The problem can be restated as finding the smallest positive integer n such that there exist 100 distinct subsets of the club, each of size k, where 1 <= k <= n. This is equivalent to finding the smallest positive integer n such that n choose k is greater than or equal to 100 for all values of k from 1 to n.
By the Pigeonhole Principle, if we have n people, then at most n choose k people can review the same book. Hence, we want the smallest positive integer n such that:
C(n,1) >= 100
C(n,2) >= 100
...
C(n,n) >= 100
We can start by computing some of the binomial coefficients and finding the smallest value of n that satisfies the conditions.
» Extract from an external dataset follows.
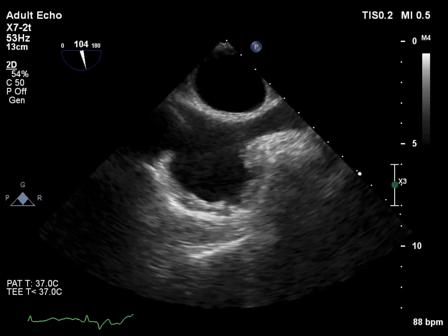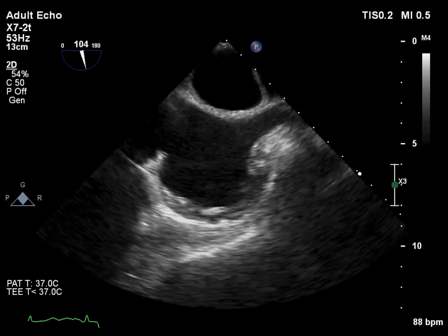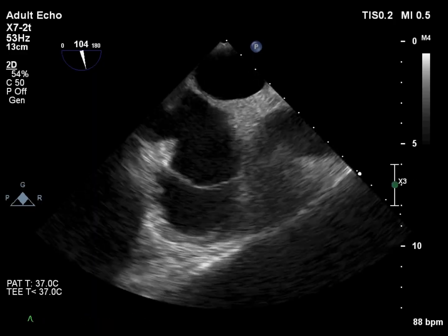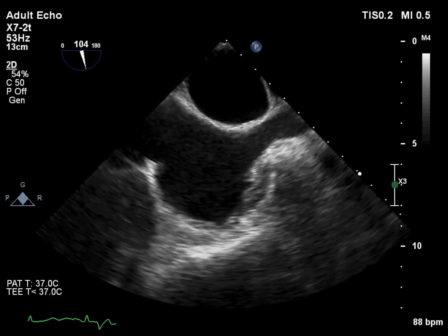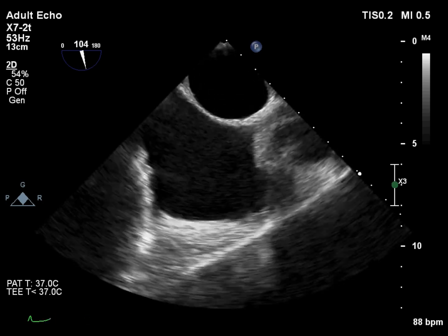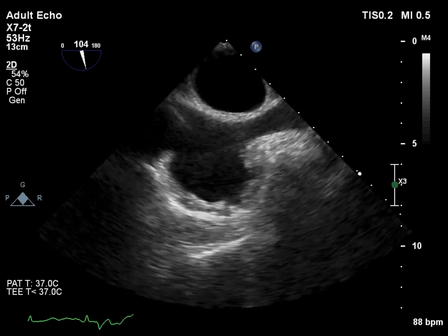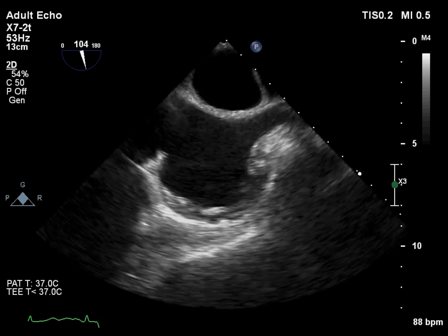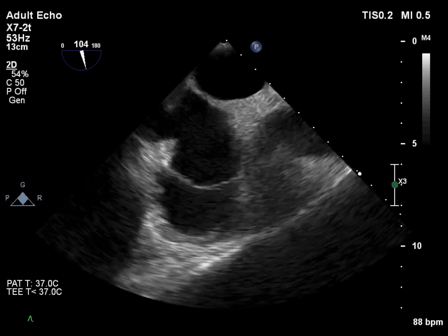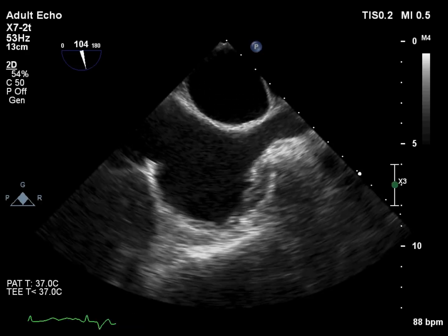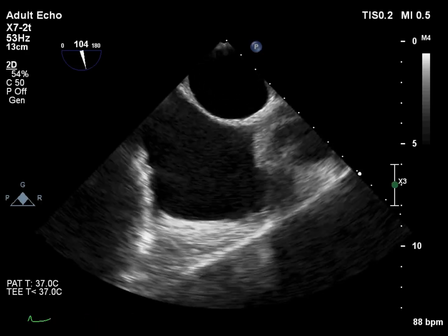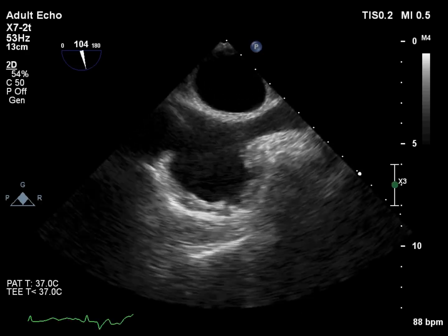This bicaval view confirms that the interatrial septum is intact and there is no atrial septal defect. However, a shunt is present. The question is: where is the shunt?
C(2,1) = 2 >= 100 (not satisfied)
C(3,1) = 3 >= 100 (not satisfied)
C(3,2) = 3 >= 100 (not satisfied)
C(4,1) = 4 >= 100 (not satisfied)
C(4,2) = 6 >= 100 (not satisfied)
C(4,3) = 4 >= 100 (not satisfied)
C(5,1) = 5 >= 100 (not satisfied)
C(5,2) = 10 >= 100 (not satisfied)
C(5,3) = 10 >= 100 (not satisfied)
C(5,4) = 5 >= 100 (not satisfied)
The smallest n that satisfies all the conditions is 6, so the smallest positive integer n that allows us to avoid having the exact same group of members over all 100 days is 6.